Material for this exercise
──────────────────────────────

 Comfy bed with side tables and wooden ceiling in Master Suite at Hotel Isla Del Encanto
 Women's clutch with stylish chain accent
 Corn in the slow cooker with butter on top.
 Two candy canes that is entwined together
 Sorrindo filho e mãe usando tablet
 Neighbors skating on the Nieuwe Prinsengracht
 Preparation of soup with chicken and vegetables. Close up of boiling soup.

──────────────────────────────

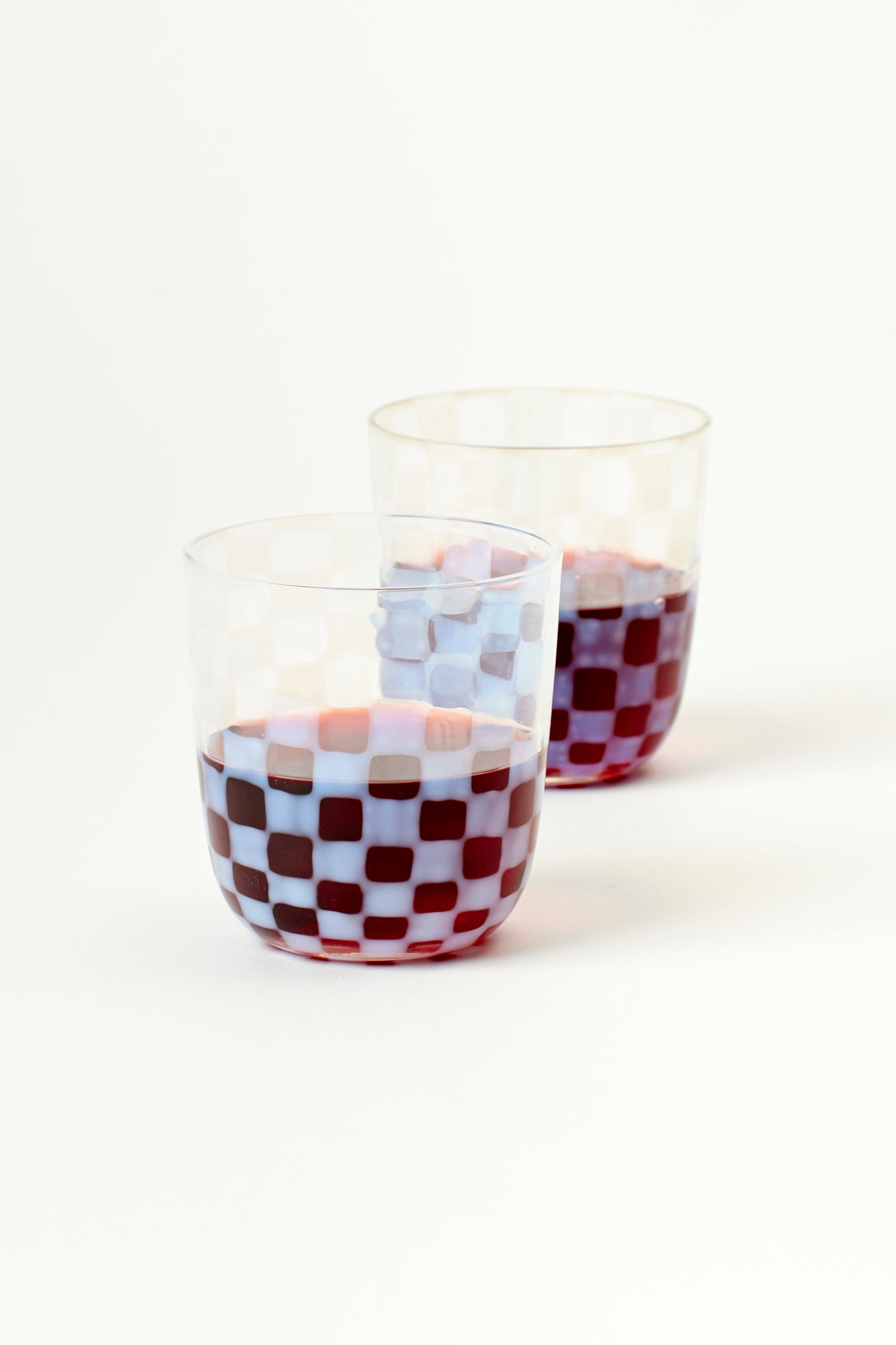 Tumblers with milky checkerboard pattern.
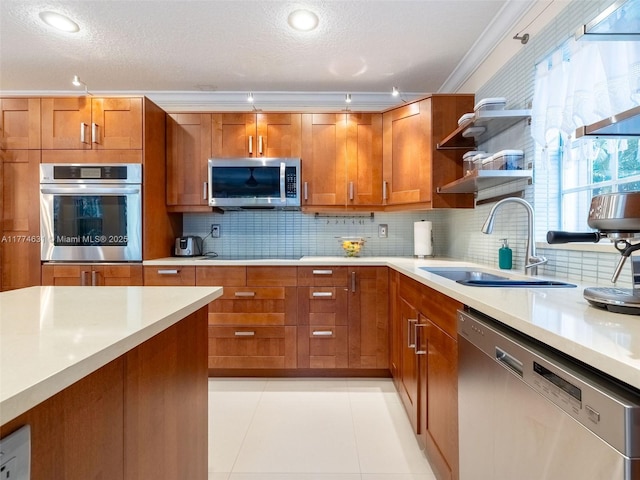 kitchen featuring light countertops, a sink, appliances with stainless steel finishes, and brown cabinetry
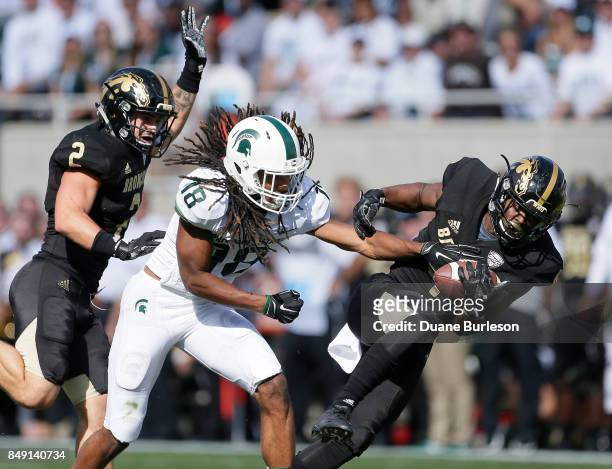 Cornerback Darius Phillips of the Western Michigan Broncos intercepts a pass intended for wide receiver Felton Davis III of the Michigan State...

──────────────────────────────

Description of the task
Begin at the line that has "Neighbors skating on" in the entries above; stop after the line that has "Preparation of soup". Transcribe exactly those lines and no others.

Exercise output
 Neighbors skating on the Nieuwe Prinsengracht
 Preparation of soup with chicken and vegetables. Close up of boiling soup.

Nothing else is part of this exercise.